I'm well known for my tip purchases - we are fortunate enough to have an enlightened tip/recycling centre where good usable stuff is put out for resale to the public (no electrical items, etc though for safety reasons). ALthough I buy a lot of stuff and things, it's mainly old things to actually use in the house - contrary to some's beliefs, my house is not stuffed to the gunwhales with unused bits and bobs just bought because they are there or look pretty; everything must pay its way, either in utility or beauty. Now, I know the way our tip works. Once a week, the stuff is completely cleared, and sorted into the appropriate recycling/landfill skips etc. No sorting, or "That's too good to dump" - it just has to go as there is just so much of it. Goodness only knows what wonderful things have ended up over the landfill wall! I have had a lifelong interest in domestic equipment, household items, textiles, history, etc, and its these things that I go for.
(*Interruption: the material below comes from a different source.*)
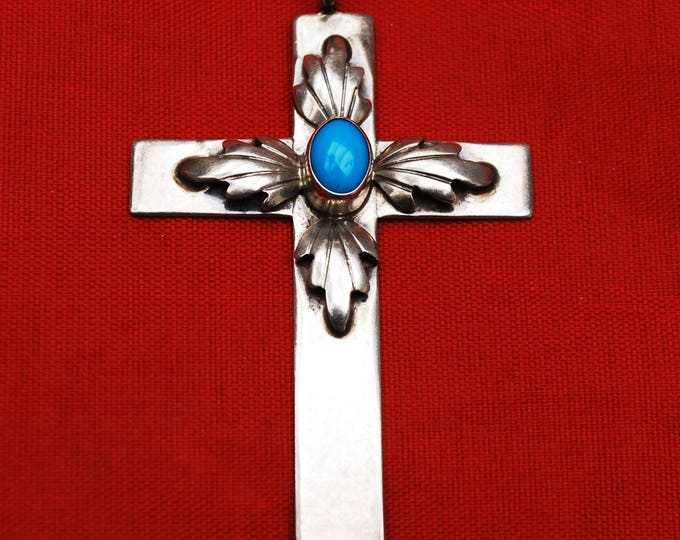 Sterling Turquoise Cross Pendant - Native American - Navajo - Silver Southwestern - Signed BJ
Often seen by an older generation as soemthing no longer wanted, old-fashioned, reminders of a life they no longer live or even wish to remember, these things often end up there; piled into boxes when houses/kitchens are cleared, brought down there and left. I'd like to think that those who bring the boxes of stuff are hopeful that someone might be prepared to rifle through it all and give it a second lease of life, rather than just literally dumping it. I have certainly had more than my fair share of wonderful purchases from there, and the ones above, plus more were bought on Saturday. The ladle is a huge old soup ladle, probably silver, Mappin & Webb; the jug is Victorian, I think transfer ware, with the proper mark on the bottom, in perfect condition. Both will be cleaned and used here. The canvas bag is more of an enigma - it has been suggested it may be a field sink from WW2; it's been interesting to have a look on the net to see what information I can find about these things. Other humble homely items I got include some lovely cream pudding basins (I have a good selection of these, and use them all the time) and a lovely button box, full of fascinating bits and pieces, including a bobbin for one of the hand
Singer machines.
Watching various archaeology programmes on TV, it's often been said that the most useful information comes from domestic items found - how ordinary people lived and worked, their homes, their family lives, etc. If all this gets dumped now, there will be little to tell our story in the future, so I'd like to think I'm playing some small part in preserving things for future generations to wonder at in a life inevitably every different from my own.